Except for the single SELECT IN-List solution, the implementations use several SQL commands in loops to compute the result. Since every SQL statement needs to be processed by the HANA SQL “engine” in order to be executed, we find entries for those executions in the Shared SQL Plan cache. It is possible that statements do not use the Shared SQL Plan Cache, but for our scenario let’s assume that this is not the case here.
I’ve grouped the different statements so that the ones belonging to the same code are in subsequent rows.
What we learn here is that besides runtime and “working memory” that is used during the execution, there is another memory requirement for every statement: the memory required to store the SQL plan itself.
For the IN-List just storing the plan requires 4.48MB, which is a lot if you consider how much is possible with that (e.g. the whole Secret of Monkey Island game for the Amiga came on four 880KB disks = 3.520 KB).

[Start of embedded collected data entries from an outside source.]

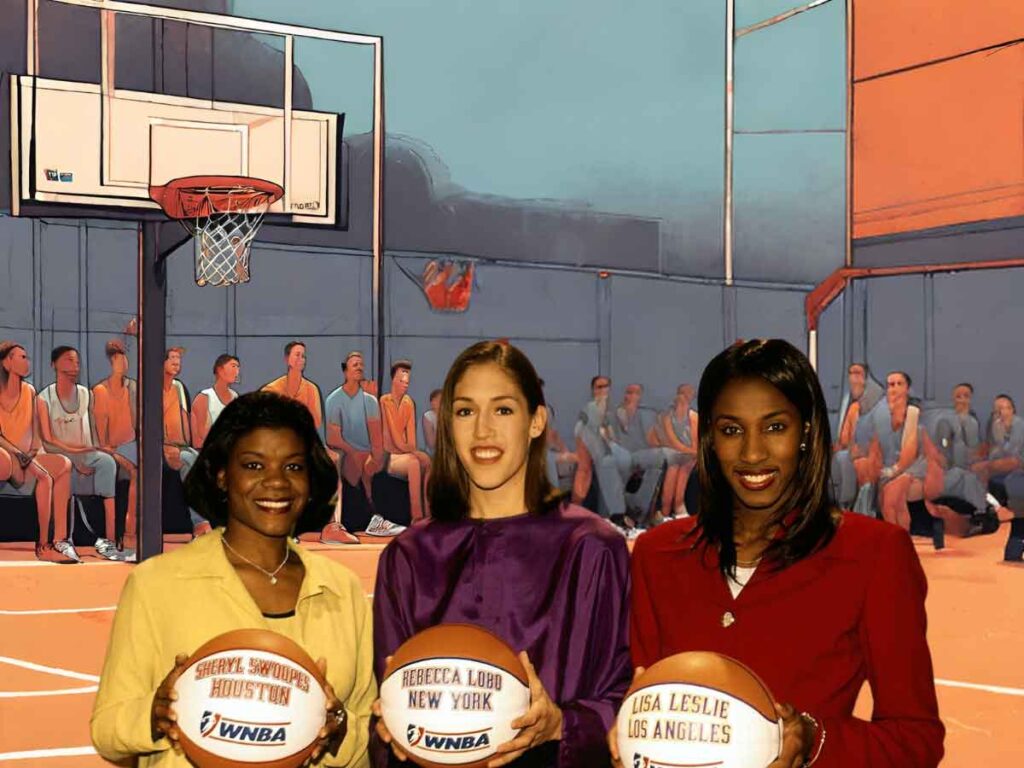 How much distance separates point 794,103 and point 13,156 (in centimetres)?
552

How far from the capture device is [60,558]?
23.1ft

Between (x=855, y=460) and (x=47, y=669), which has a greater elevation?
(x=855, y=460)

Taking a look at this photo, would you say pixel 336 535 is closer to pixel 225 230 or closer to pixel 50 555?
pixel 50 555

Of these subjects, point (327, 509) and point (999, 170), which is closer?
point (327, 509)

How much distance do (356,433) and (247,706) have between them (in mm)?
5980

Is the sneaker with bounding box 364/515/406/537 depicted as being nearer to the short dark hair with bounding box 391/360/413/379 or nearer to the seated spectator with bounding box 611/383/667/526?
the short dark hair with bounding box 391/360/413/379

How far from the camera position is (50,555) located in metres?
7.05

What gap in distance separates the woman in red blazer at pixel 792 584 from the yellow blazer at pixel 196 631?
50cm

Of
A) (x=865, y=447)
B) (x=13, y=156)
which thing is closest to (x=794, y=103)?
(x=865, y=447)

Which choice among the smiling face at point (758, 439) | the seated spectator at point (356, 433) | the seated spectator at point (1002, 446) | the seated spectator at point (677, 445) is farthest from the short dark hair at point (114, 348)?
the seated spectator at point (1002, 446)

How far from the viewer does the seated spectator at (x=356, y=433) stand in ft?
25.9

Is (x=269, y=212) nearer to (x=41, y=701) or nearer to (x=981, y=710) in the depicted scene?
(x=41, y=701)

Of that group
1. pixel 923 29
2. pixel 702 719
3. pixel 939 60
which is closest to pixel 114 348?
pixel 702 719

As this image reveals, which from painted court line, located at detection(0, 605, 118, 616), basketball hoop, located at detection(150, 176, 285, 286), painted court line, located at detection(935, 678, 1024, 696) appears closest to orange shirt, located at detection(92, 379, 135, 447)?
basketball hoop, located at detection(150, 176, 285, 286) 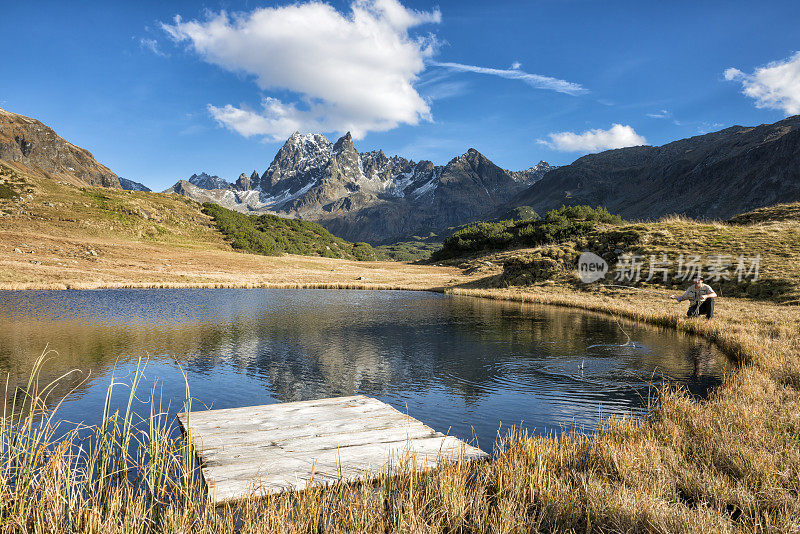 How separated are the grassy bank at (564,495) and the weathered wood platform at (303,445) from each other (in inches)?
13.3

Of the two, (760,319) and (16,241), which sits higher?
(16,241)

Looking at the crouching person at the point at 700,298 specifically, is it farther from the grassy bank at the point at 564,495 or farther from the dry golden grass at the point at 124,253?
the dry golden grass at the point at 124,253

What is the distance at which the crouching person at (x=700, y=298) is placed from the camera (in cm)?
2161

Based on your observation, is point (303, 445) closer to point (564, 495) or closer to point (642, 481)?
point (564, 495)

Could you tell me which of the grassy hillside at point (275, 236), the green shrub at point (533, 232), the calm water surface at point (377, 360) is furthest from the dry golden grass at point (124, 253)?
the calm water surface at point (377, 360)

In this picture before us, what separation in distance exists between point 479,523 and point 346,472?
6.79ft

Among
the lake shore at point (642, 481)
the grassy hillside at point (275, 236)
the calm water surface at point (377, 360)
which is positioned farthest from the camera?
the grassy hillside at point (275, 236)

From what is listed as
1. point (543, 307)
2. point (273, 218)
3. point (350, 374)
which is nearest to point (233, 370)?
point (350, 374)

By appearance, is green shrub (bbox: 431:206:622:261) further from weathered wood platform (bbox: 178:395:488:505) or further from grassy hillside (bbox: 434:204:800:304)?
weathered wood platform (bbox: 178:395:488:505)

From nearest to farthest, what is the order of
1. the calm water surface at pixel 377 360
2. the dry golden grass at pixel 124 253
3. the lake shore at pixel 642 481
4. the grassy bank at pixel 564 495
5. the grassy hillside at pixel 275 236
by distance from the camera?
the grassy bank at pixel 564 495 < the lake shore at pixel 642 481 < the calm water surface at pixel 377 360 < the dry golden grass at pixel 124 253 < the grassy hillside at pixel 275 236

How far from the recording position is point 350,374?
14953mm

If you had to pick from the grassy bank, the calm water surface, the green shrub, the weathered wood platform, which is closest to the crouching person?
the calm water surface

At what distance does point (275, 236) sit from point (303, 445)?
464 ft

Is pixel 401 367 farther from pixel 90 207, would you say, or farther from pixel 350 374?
pixel 90 207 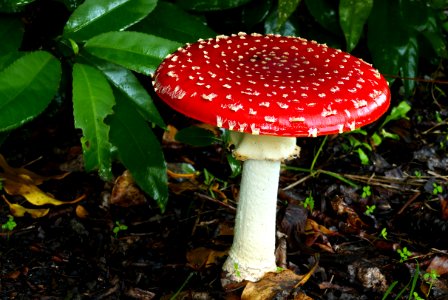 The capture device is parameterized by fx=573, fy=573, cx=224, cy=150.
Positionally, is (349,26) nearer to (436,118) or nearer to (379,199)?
(379,199)

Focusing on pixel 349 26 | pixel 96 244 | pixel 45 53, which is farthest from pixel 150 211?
pixel 349 26

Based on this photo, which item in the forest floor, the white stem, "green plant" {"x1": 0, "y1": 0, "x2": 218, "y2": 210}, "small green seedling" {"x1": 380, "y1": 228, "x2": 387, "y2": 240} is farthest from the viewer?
"small green seedling" {"x1": 380, "y1": 228, "x2": 387, "y2": 240}

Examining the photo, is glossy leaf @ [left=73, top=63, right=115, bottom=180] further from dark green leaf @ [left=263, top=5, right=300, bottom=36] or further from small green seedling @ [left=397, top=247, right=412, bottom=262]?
small green seedling @ [left=397, top=247, right=412, bottom=262]

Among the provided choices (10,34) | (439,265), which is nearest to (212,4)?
A: (10,34)

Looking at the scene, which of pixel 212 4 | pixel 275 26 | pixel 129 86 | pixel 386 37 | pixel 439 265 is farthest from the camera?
pixel 275 26

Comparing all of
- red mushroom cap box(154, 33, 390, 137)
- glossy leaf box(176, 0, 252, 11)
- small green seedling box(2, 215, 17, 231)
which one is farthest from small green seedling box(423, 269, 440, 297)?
small green seedling box(2, 215, 17, 231)

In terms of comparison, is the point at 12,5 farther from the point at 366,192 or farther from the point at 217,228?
the point at 366,192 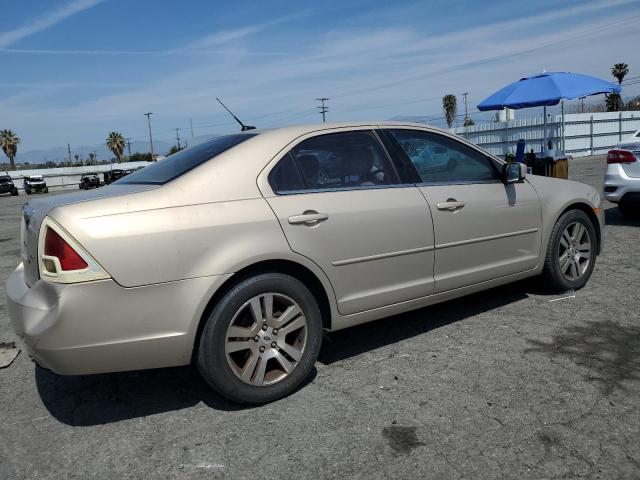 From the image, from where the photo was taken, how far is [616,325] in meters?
3.99

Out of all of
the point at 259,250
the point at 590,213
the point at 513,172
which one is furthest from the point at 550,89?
the point at 259,250

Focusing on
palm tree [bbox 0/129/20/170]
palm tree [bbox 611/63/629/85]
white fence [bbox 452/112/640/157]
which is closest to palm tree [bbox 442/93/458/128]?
palm tree [bbox 611/63/629/85]

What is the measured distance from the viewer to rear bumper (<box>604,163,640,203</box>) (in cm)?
730

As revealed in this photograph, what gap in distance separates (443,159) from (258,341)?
2.00 metres

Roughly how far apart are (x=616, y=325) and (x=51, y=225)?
12.2ft

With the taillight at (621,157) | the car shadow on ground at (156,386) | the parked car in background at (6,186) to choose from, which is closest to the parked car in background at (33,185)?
the parked car in background at (6,186)

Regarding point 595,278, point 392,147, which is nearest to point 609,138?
point 595,278

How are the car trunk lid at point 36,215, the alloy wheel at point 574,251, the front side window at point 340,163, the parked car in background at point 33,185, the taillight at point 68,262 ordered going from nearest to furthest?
the taillight at point 68,262
the car trunk lid at point 36,215
the front side window at point 340,163
the alloy wheel at point 574,251
the parked car in background at point 33,185

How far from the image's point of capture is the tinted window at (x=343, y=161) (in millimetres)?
3409

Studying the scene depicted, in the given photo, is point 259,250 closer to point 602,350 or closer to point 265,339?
point 265,339

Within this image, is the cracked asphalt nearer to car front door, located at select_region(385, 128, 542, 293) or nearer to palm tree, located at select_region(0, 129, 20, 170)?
car front door, located at select_region(385, 128, 542, 293)

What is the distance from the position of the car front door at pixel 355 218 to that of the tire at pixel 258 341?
25 cm

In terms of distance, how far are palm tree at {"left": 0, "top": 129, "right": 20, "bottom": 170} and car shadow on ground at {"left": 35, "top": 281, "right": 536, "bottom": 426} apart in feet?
279

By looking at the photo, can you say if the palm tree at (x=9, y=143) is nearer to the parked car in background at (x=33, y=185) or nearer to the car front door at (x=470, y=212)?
the parked car in background at (x=33, y=185) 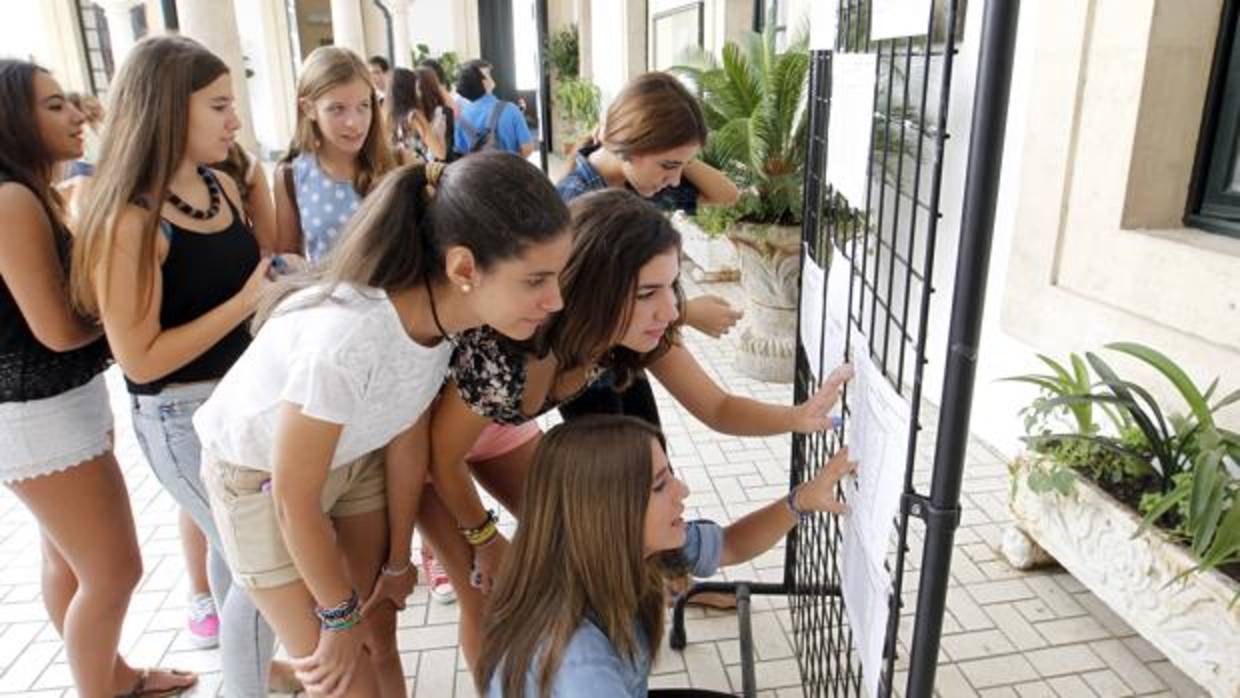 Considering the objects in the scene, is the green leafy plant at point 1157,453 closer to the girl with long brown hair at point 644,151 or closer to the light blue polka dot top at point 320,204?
the girl with long brown hair at point 644,151

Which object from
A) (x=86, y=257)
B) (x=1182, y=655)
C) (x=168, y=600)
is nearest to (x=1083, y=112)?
(x=1182, y=655)

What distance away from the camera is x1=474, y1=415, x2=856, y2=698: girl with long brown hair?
1148 mm

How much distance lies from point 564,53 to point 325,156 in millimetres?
12547

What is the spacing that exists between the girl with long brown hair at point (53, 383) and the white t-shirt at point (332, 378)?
0.46m

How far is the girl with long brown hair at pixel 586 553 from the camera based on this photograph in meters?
1.15

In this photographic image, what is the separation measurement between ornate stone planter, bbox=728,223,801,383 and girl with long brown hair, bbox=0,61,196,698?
274 cm

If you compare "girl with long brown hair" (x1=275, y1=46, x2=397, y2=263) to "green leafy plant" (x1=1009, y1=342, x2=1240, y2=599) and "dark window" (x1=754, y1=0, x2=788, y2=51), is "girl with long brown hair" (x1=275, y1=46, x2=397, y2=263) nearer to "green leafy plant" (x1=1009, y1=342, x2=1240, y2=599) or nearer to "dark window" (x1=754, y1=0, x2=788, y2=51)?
"green leafy plant" (x1=1009, y1=342, x2=1240, y2=599)

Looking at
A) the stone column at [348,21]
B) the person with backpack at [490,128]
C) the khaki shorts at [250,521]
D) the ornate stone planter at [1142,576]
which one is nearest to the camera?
the khaki shorts at [250,521]

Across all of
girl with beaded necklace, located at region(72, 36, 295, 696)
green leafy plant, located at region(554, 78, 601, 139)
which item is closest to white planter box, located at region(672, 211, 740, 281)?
green leafy plant, located at region(554, 78, 601, 139)

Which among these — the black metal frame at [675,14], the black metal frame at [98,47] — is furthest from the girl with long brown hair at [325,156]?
the black metal frame at [98,47]

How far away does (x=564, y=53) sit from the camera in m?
13.8

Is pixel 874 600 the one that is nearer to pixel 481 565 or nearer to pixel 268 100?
pixel 481 565

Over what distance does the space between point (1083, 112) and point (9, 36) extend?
13356 mm

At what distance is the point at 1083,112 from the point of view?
235 cm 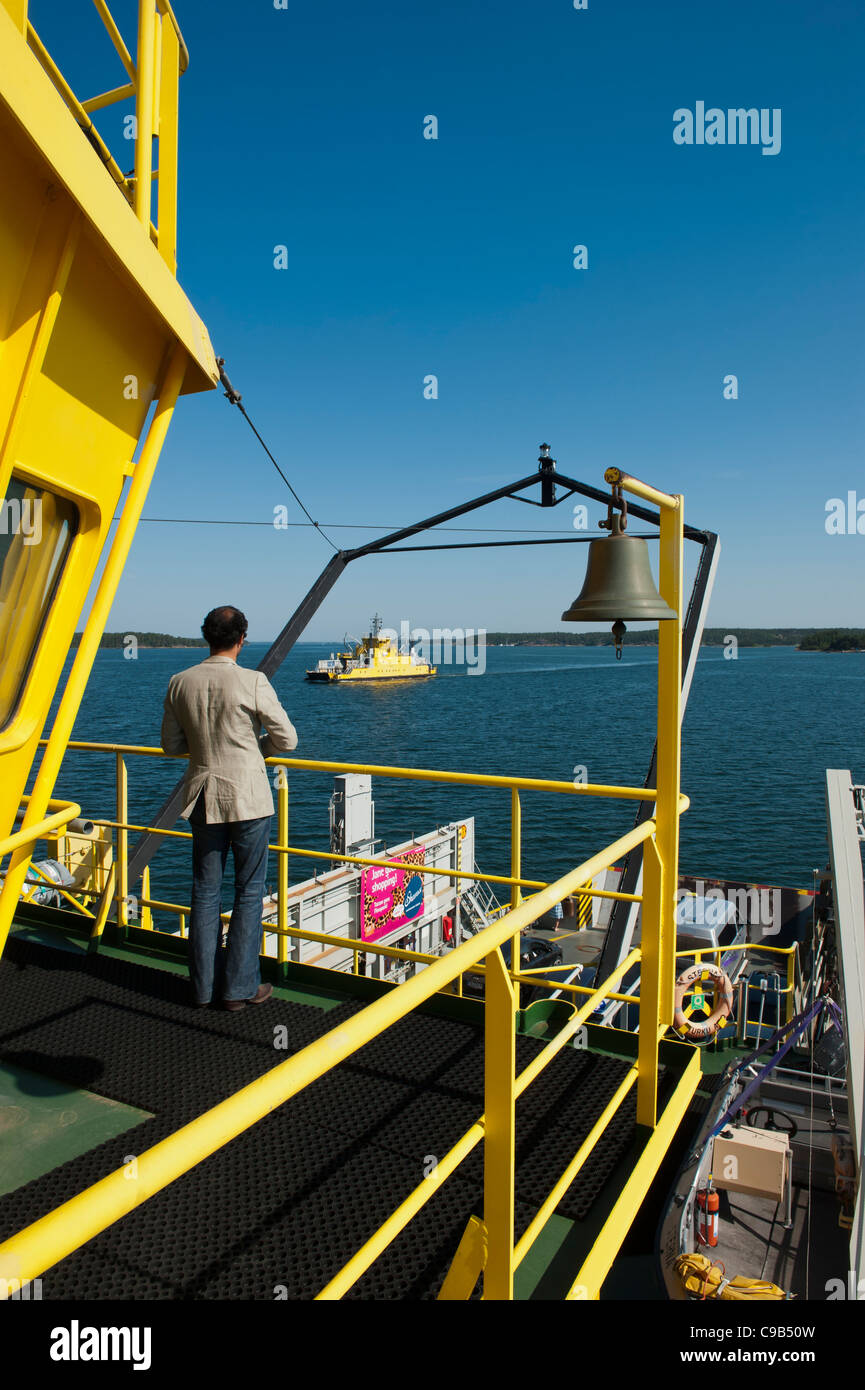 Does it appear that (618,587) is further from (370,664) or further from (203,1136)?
(370,664)

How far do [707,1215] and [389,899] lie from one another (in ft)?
30.5

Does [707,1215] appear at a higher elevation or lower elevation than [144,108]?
lower

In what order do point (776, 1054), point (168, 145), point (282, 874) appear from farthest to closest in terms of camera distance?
point (776, 1054), point (282, 874), point (168, 145)

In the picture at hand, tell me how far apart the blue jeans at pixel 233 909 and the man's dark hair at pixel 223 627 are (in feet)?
2.78

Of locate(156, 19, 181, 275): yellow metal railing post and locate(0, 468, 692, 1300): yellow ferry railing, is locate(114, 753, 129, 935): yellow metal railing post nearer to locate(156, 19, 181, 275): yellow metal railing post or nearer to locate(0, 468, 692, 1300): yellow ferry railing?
locate(0, 468, 692, 1300): yellow ferry railing

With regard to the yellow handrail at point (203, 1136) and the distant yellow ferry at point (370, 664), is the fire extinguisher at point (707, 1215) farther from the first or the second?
the distant yellow ferry at point (370, 664)

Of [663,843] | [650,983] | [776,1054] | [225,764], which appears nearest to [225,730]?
[225,764]

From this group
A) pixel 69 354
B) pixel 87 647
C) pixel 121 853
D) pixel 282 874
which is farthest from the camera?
pixel 121 853

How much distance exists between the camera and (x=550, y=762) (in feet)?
164

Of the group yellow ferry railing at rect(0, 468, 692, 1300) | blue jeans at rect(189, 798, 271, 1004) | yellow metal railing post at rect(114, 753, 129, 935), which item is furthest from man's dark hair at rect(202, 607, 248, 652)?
yellow metal railing post at rect(114, 753, 129, 935)

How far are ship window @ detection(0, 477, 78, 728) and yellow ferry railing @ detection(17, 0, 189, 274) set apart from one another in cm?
109

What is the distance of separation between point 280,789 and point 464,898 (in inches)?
608

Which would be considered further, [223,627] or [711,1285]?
[711,1285]

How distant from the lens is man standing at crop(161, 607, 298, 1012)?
13.5 feet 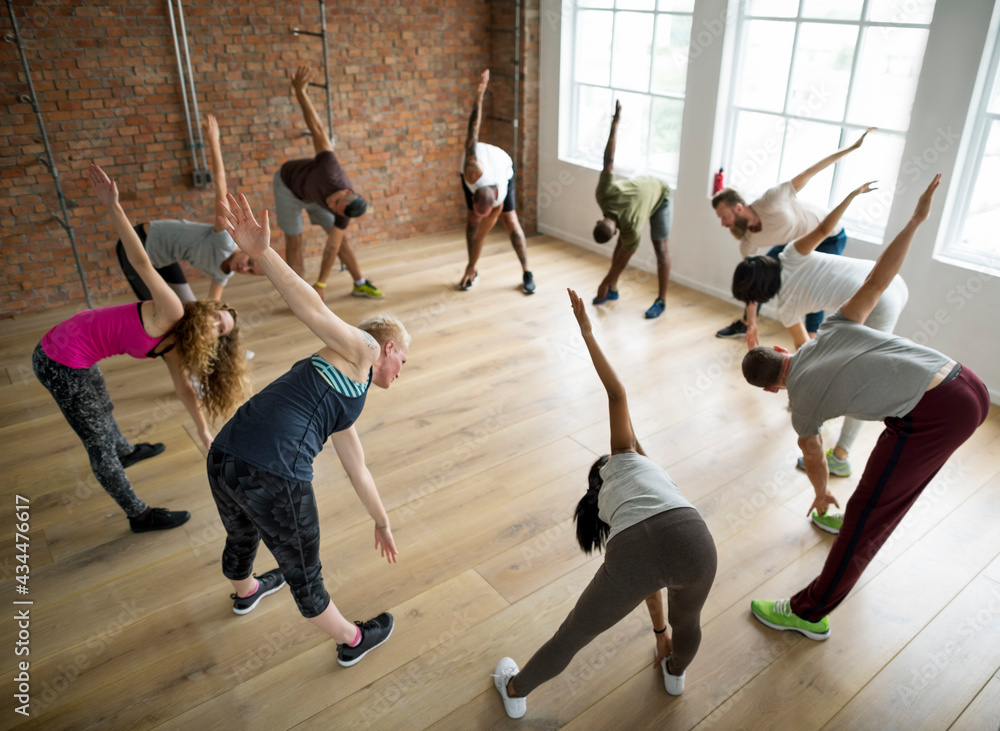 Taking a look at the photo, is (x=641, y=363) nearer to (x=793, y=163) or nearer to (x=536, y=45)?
(x=793, y=163)

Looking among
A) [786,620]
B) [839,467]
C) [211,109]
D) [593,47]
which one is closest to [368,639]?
[786,620]

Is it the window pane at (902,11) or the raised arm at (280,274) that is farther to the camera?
the window pane at (902,11)

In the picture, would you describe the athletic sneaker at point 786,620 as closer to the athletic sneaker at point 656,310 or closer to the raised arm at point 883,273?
the raised arm at point 883,273

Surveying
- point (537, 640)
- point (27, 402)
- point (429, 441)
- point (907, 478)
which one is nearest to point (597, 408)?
point (429, 441)

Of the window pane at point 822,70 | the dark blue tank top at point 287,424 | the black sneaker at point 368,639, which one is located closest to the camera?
the dark blue tank top at point 287,424

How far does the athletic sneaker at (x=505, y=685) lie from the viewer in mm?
2332

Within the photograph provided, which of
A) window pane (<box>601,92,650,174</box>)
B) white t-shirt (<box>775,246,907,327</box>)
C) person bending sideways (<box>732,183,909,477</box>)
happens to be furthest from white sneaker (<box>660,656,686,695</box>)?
window pane (<box>601,92,650,174</box>)

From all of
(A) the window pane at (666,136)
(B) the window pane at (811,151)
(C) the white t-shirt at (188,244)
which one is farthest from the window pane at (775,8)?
(C) the white t-shirt at (188,244)

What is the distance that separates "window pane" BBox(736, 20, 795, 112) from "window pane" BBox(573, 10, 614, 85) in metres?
1.42

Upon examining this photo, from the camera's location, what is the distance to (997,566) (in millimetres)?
2949

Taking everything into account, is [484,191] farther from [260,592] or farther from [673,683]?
[673,683]

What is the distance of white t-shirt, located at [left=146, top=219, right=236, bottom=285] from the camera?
13.3 feet

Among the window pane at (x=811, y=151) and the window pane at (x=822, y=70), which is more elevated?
the window pane at (x=822, y=70)

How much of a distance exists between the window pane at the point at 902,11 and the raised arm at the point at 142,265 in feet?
14.0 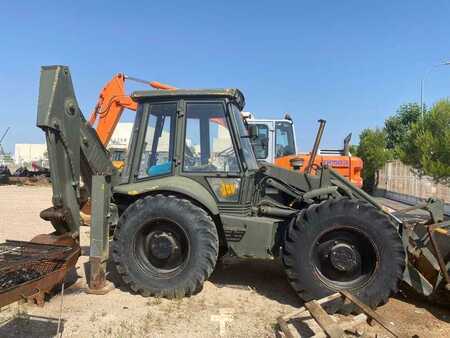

Our other two implementations come in at 0.29 MB (MapMerge) and 0.41 MB (CursorLoop).
Another interesting bit to learn here is the number of executions (EXECS) for each of the statements. Our “loopy” constructs show statements that got executed 1018 times.
Why is that?
So glad, you asked (again).
Our code loops over all users in the system. A quick
SELECT count(*) FROM users; COUNT(*)| --------| 1018|
reveals that there are currently 1018 users in my test system.
And yes, I forgot to mention that I created a number of users, roles, and role assignments for this test scenario so that our code would have something to work with.
Also, this kind of requirement (regularly dumping out current privilege assignments of all users to document the security setup) is more common in larger organisations with stricter compliance responsibilities. Having thousands of users in the HANA system is not outlandish for those organisations.
Which of the implementations would you choose?
Is the fastest (MapMerge) still the best for our scenario?
What about the huge memory demands of the IN-List solution? Also, as soon as the list of users changes, the statement will have to be regenerated and re-compiled. The two other solutions are “stable” in terms of the active code.
The CursorLoop is self-contained and does not require any function to be created in the DB ahead of time, so it may be more readily usable (think of using it to monitor many HANA systems across the landscape).
Of course, it all boils down to the specific requirements and circumstances. And weighing this up and making a decision is exactly the kind of engineering work our industry aspires to do.
There you go, now you know.
Maybe, if there’s interest in it, I’ll publish how to create the scenario presented here, but for now, this is already a long read.